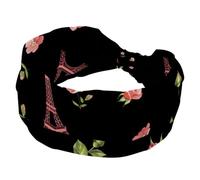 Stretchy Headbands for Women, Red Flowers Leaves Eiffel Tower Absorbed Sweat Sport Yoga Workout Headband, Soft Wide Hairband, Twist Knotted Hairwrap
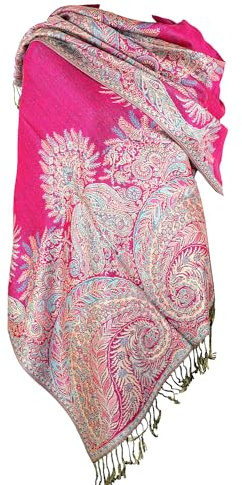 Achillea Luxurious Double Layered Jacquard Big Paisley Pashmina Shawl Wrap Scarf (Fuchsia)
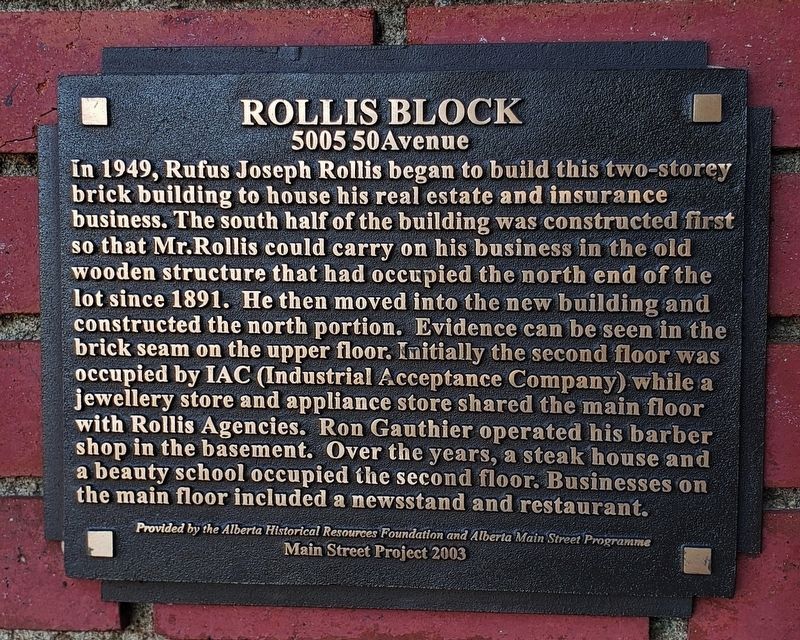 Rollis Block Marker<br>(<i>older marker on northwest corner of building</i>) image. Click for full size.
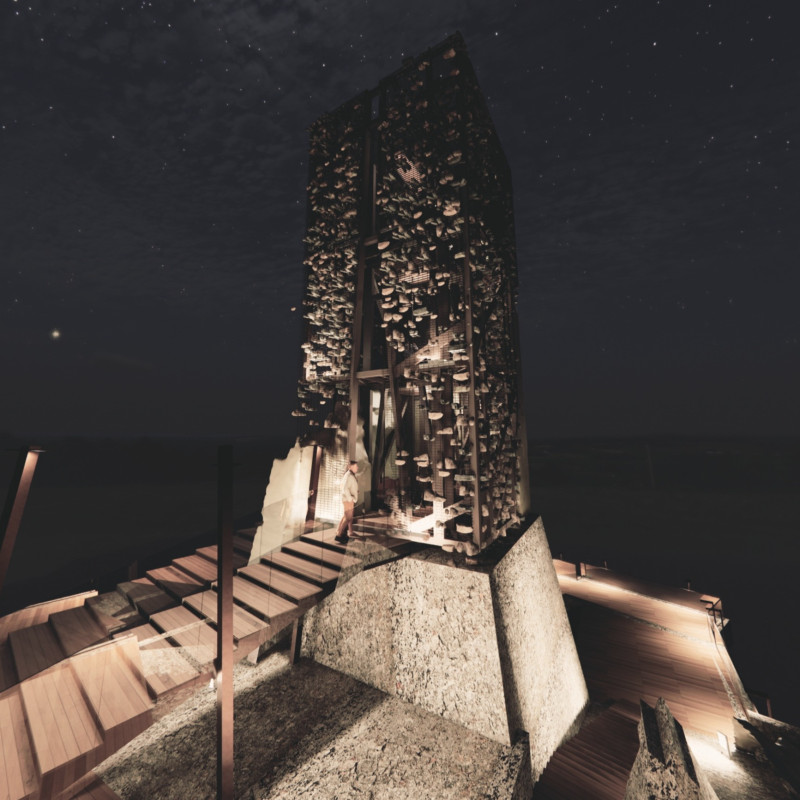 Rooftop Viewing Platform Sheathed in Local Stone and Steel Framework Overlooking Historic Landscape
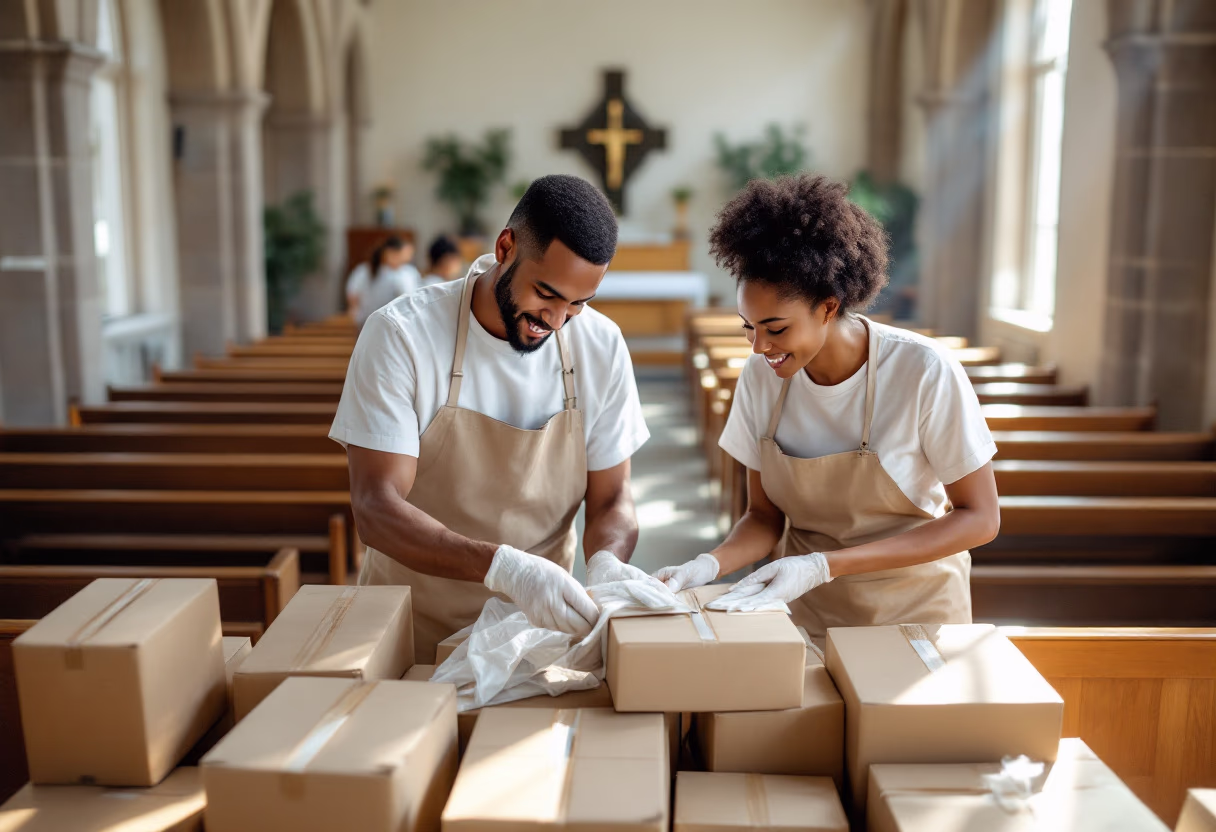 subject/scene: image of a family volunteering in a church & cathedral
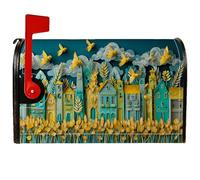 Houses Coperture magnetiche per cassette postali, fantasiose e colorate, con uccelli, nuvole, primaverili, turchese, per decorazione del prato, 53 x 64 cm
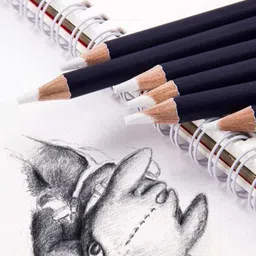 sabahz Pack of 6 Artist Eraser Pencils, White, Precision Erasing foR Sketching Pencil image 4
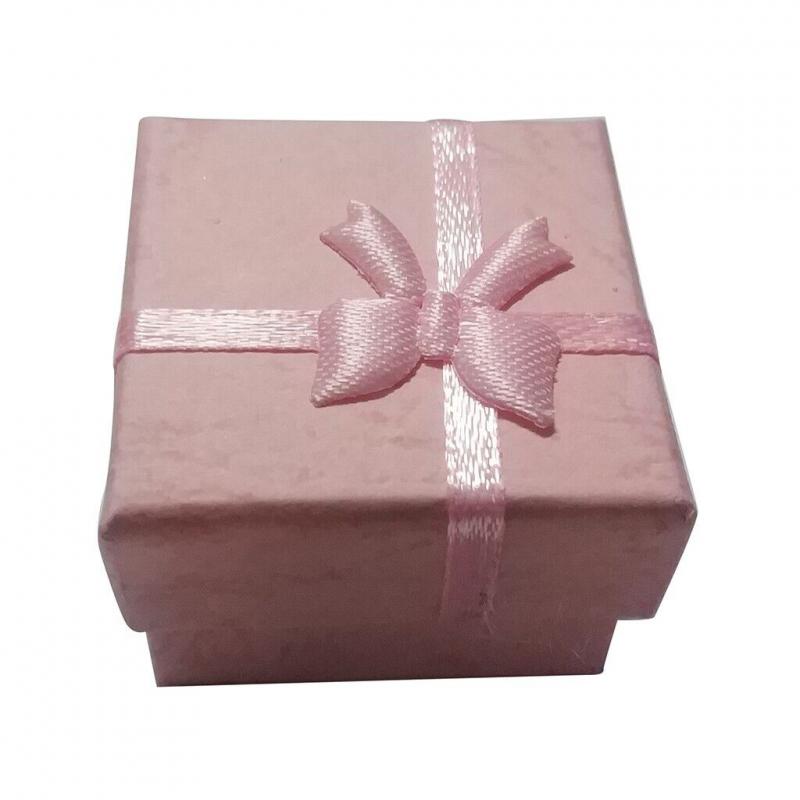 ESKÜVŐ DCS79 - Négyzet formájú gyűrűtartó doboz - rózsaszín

*Work task*
The required output is the line containing "sabahz Pack of" plus every line after it to the end of the data, copied exactly and with no pictures.

*Response area*
 sabahz Pack of 6 Artist Eraser Pencils, White, Precision Erasing foR Sketching Pencil image 4
 ESKÜVŐ DCS79 - Négyzet formájú gyűrűtartó doboz - rózsaszín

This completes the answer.